Here's how it works. Suppose you have a big pile of identical tasks that must be performed by humans. Perhaps you have a large quantity of text files that must be translated from one language to another. In the world of Mechanical Turk, you are a requester; you submit your tasks to the Mechanical Turk service, which places them on a kind of global bulletin board. Using that same service, workers log onto this bulletin board, select tasks, perform them, and post the results back to the service. Later you return to the Mechanical Turk, review the posted results, select those that are acceptable, and release funds to pay the workers. In short, the Mechanical Turk service is a middleman between employers and employees.

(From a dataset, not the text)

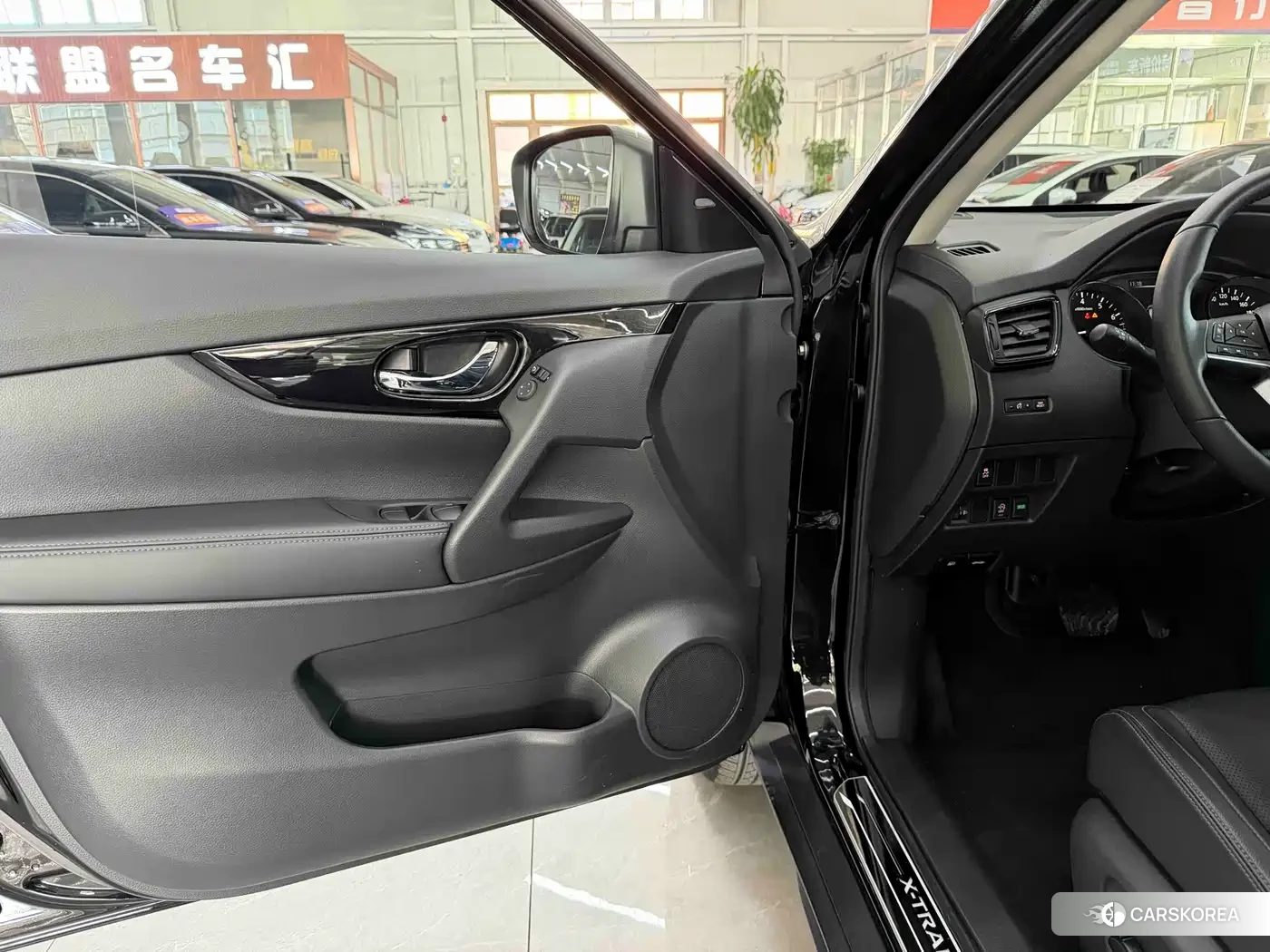 Nissan X-Trail id 4545631 из Китая 14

When I first read Mechanical Turk's description, I thought it was a great idea. It may yet be, but if my perusal of the tasks that are available is any indication, this is not a way to make any appreciable amount of money. Most of the HITS ("Human Intelligence Task," referring to a unit of work) posted paid mere pennies, and reading some of the descriptions gave me the uneasy feeling that workers would be used as human spam-bots.

It is possible that, in the future, Mechanical Turk will become a marketplace of decent work for reasonable money. For now, though, I am confident that I can make more money in less time – and do more good – by mowing the old lady's lawn next door.

Wading into Web Information Services
Amazon's Web Information Services are essentially query interfaces into extensive databases generated by a mixture of Web crawlers and Web traffic monitors. Data-mining organization can tap into the crawler-produced data to sift through information that is as wide-ranging as the Web itself. The utility of Web traffic data is self-evident to any company or individual interested in user visitation trends to their sites – as well as to related or competing sites.

AlexaWeb Search. Amazon's Alexa Web Search is the result of partnering between Amazon and Alexa, and it lets you query the information gathered by Alexa's Web crawler bots. The quantity of information available is difficult to gauge; Alexa has been crawling the Web for over a decade, and the Internet is in nonstop growth. Alexa's site says that, while its bots are working constantly, it takes about two months for a complete cycle through the Internet.

When Alexa adds a new Web site document to its database, it indexes about 50 attributes associated with that document. Attributes include the document's language, its Open Document Category, various parsed components of the URL, geographic location of the hosting server, and more. Also available is the document's text, the first 20KB of which is text-indexed. All this is available for searching.

Naturally, searches on such a large database can take time. The Alexa Web Search service is architected so that when you issue a search, the service returns a request ID. You use this ID to track the status of your search's progress. When the search is complete, results are stored in a (possibly gigantic) text file. The text file can be downloaded and "mined" locally.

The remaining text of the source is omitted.